5 out of 5 stars(1) Rate this recipe
  • Serves8
  • CourseMain meal
  • Prepare15 mins
  • Cook4 hrs
  • Total time4 hrs 15 mins
  • Plusresting

Please note, we take every care to ensure the product, allergen and recipe information displayed is correct. However, should a product be unavailable, alternatives may be displayed and/or a substitution provided. If you have an allergy or intolerance, please always check the product label before use.


  • 1 Free Range Bronze Feathered Turkey, about 4-6kg
  • 3 fresh bay leaves, torn
  • 1 lemon, cut into quarters lengthways
  • 1 onion, peeled and cut into quarters
  • 450g pack Waitrose Pork Sausagemeat Stuffing (optional)
  • 50g butter, melted
  • 6 fresh sage leaves (optional)
  • 95g pack Cooks' Ingredients Sliced Pancetta
  • 2 x 276g packs Waitrose Three Little Pigs (optional)

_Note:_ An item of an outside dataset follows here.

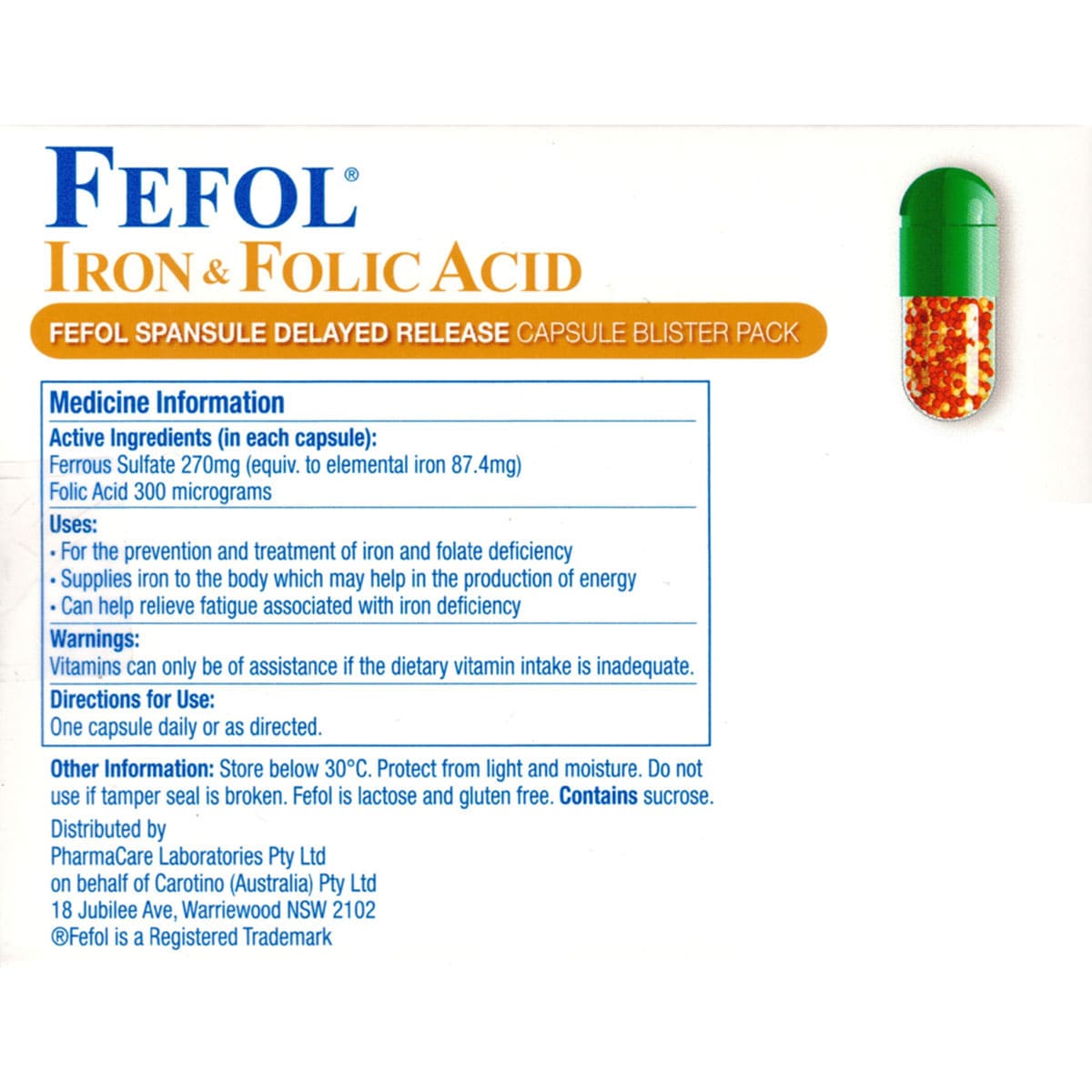Fefol Iron & Folic Acid 30 Capsules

  1. Preheat the oven to 180°C, gas mark 4. Remove the giblets and reserve for turkey stock if making. Season inside the turkey. Place the torn bay leaves, with the onion and lemon quarters, inside the turkey’s larger cavity. Stuff the smaller neck cavity with the sausagemeat, if using, pull the skin back over the neck and use a cocktail stick to secure underneath the bird. Calculate the cooking time, allowing 35 minutes per kg (including stuffing).

  2. Transfer the turkey to a large roasting tin, breast-side up. Brush with the melted butter and season the skin. Cover with foil and roast according to the pack instructions. Remove the foil 30 minutes before the end of cooking, arrange the sage leaves over the turkey breast, then criss-cross the pancetta rashers in a lattice pattern across the breast. Arrange the Three Little Pigs, if using, around the turkey. Return to the oven and continue to roast until the turkey and little pigs are cooked through.

  3. Check the turkey is thoroughly cooked by inserting a skewer into the thickest parts of the breast and thighs: the juices should run clear, and there should be no pink meat.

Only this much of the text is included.